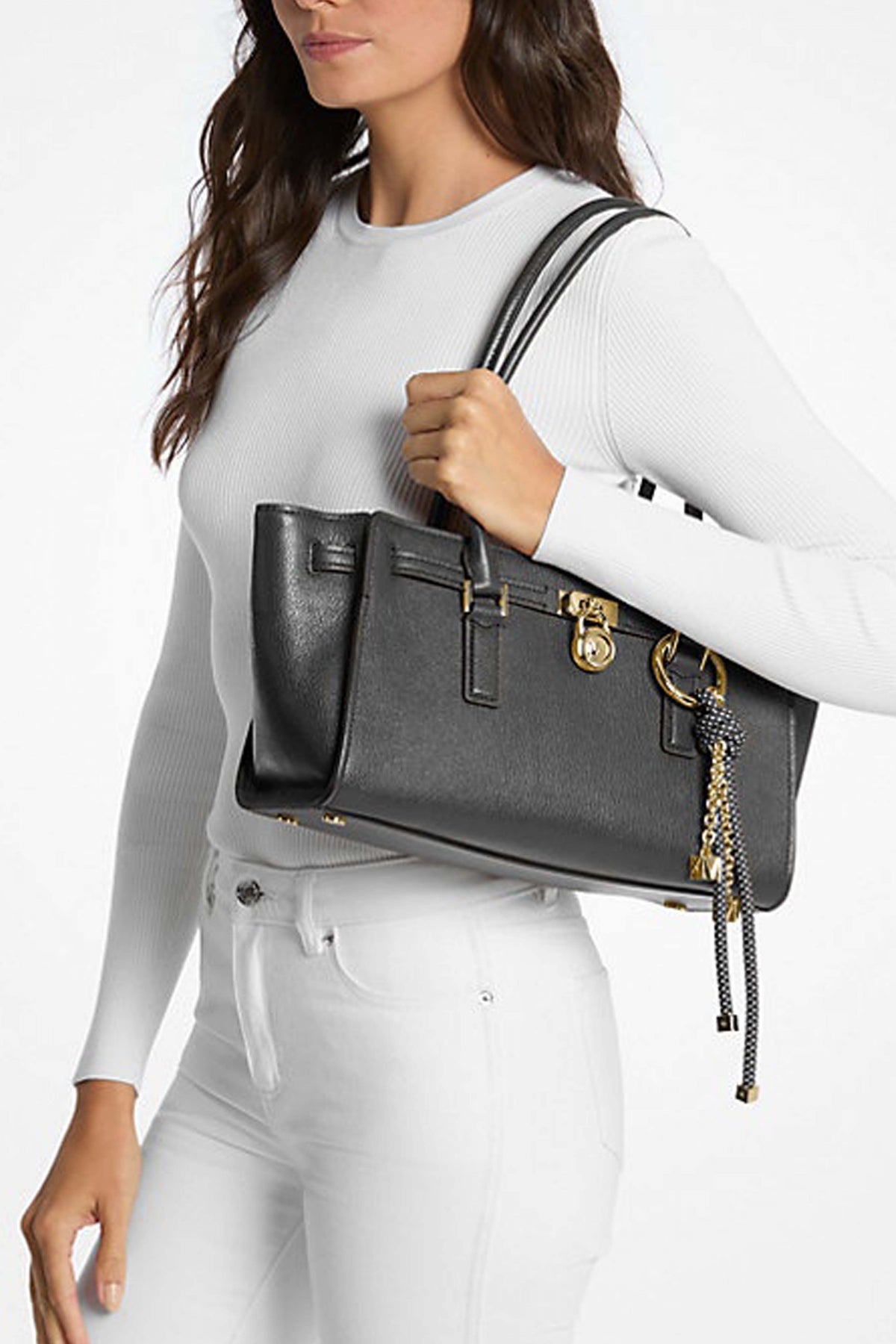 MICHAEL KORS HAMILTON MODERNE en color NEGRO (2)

---

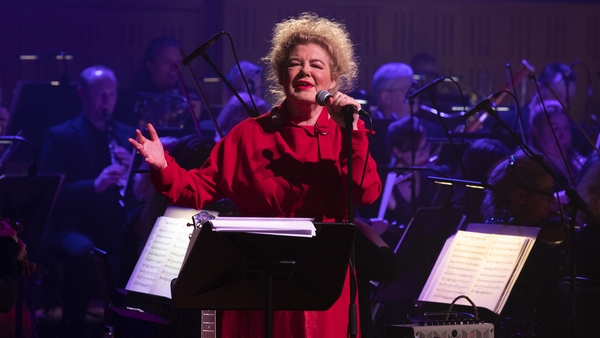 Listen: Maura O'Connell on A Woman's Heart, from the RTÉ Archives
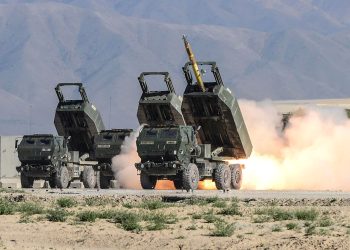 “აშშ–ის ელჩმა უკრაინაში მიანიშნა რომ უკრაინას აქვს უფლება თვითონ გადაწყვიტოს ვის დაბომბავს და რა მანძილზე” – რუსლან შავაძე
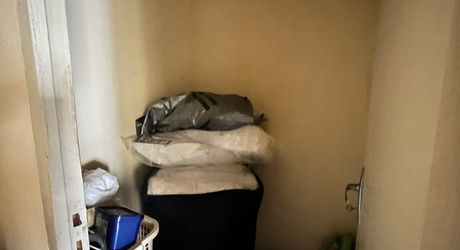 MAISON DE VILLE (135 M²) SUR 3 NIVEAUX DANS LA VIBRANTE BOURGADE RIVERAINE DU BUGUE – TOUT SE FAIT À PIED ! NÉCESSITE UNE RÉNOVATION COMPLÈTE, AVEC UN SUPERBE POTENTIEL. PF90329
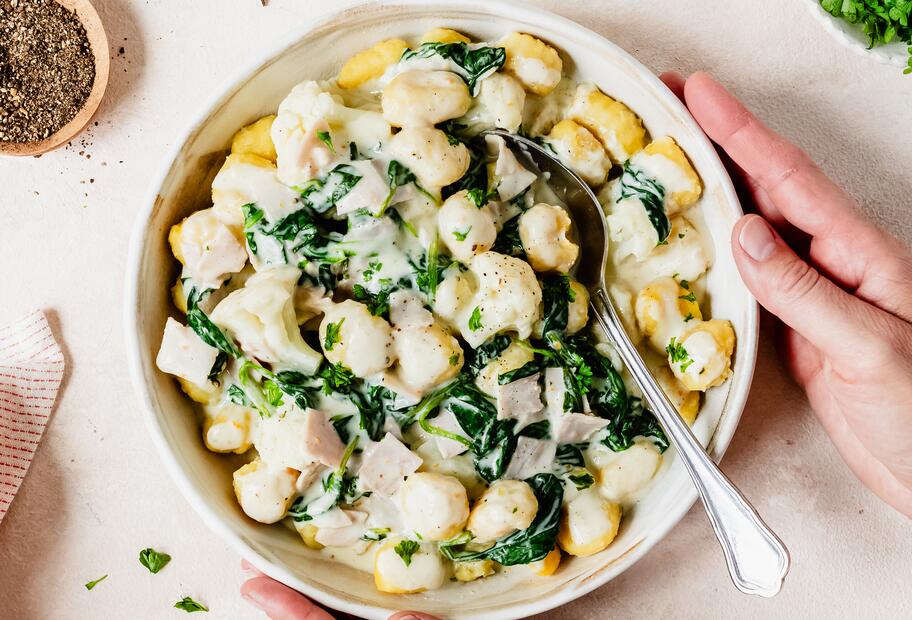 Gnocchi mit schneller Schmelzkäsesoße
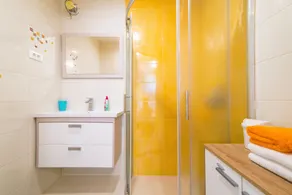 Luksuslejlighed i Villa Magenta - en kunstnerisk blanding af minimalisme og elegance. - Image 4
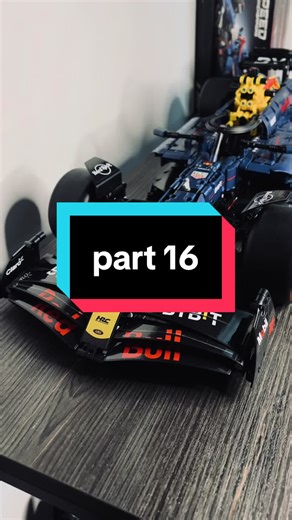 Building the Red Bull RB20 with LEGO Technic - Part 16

▶ [The task]:
Nothing outside the stretch above, from the line with "Luksuslejlighed i Villa" through the line with "Building the Red", is set down. Transcribe that stretch exactly, ends included, but not its pictures.

▶ [Final answer]:
 Luksuslejlighed i Villa Magenta - en kunstnerisk blanding af minimalisme og elegance. - Image 4
 Building the Red Bull RB20 with LEGO Technic - Part 16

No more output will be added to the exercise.